> **EXTRACTED INFORMATION**
"""
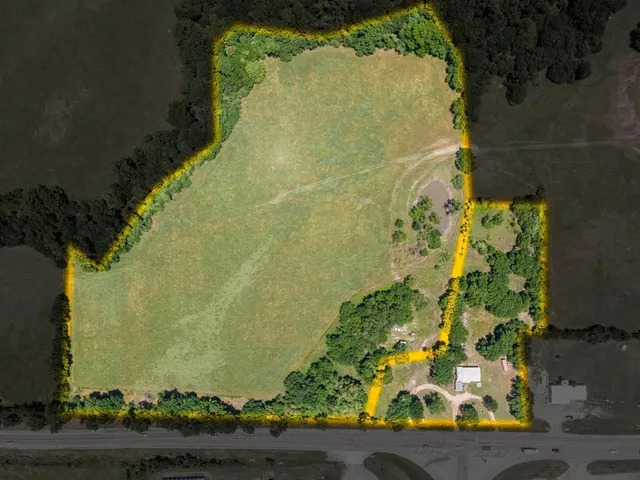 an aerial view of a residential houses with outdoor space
"""
"""
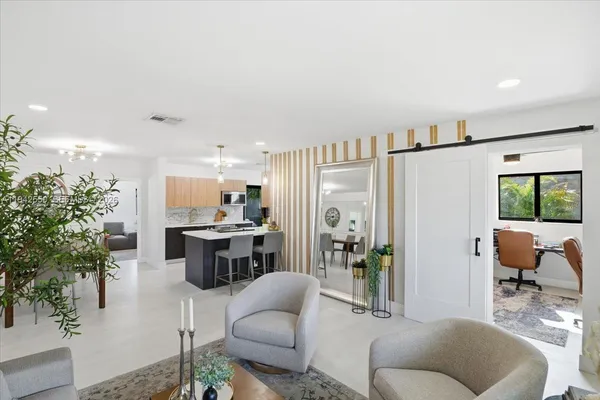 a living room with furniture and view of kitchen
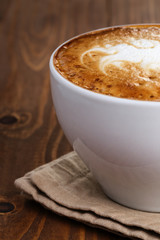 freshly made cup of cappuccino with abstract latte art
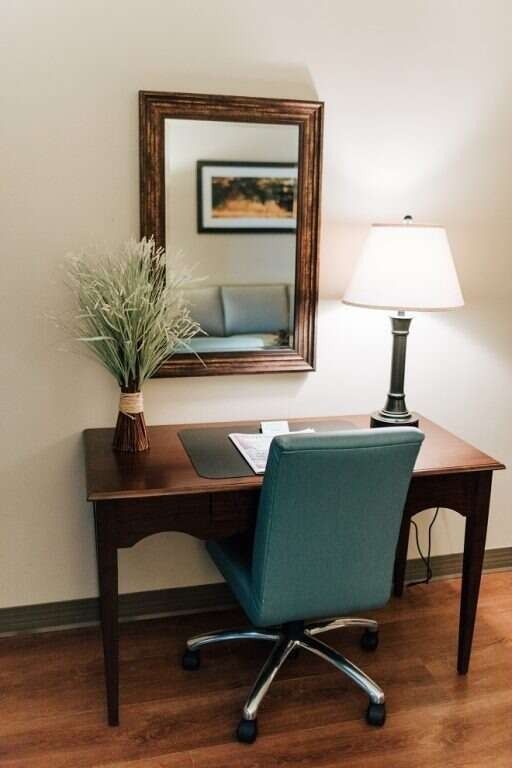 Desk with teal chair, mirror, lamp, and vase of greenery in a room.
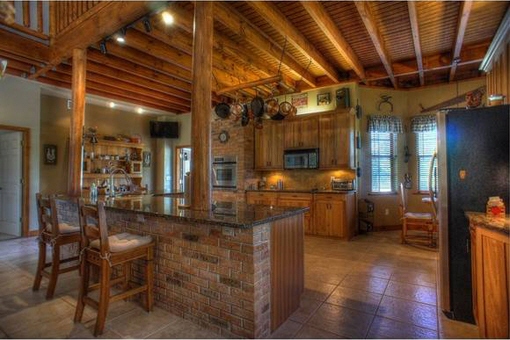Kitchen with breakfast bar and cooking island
"""
"""
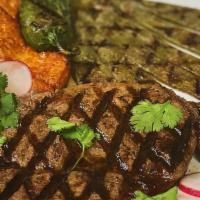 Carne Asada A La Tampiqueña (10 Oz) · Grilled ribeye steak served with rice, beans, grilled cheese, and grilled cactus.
"""
> **WORK TO BE COMPLETED**
Within the listing above, find the line containing "freshly made cup" and the line containing "Kitchen with breakfast bar and cooking island". Transcribe them and everything between them exactly, leaving out the pictures.

> **PROBLEM SOLUTION**
 freshly made cup of cappuccino with abstract latte art
 Desk with teal chair, mirror, lamp, and vase of greenery in a room.
Kitchen with breakfast bar and cooking island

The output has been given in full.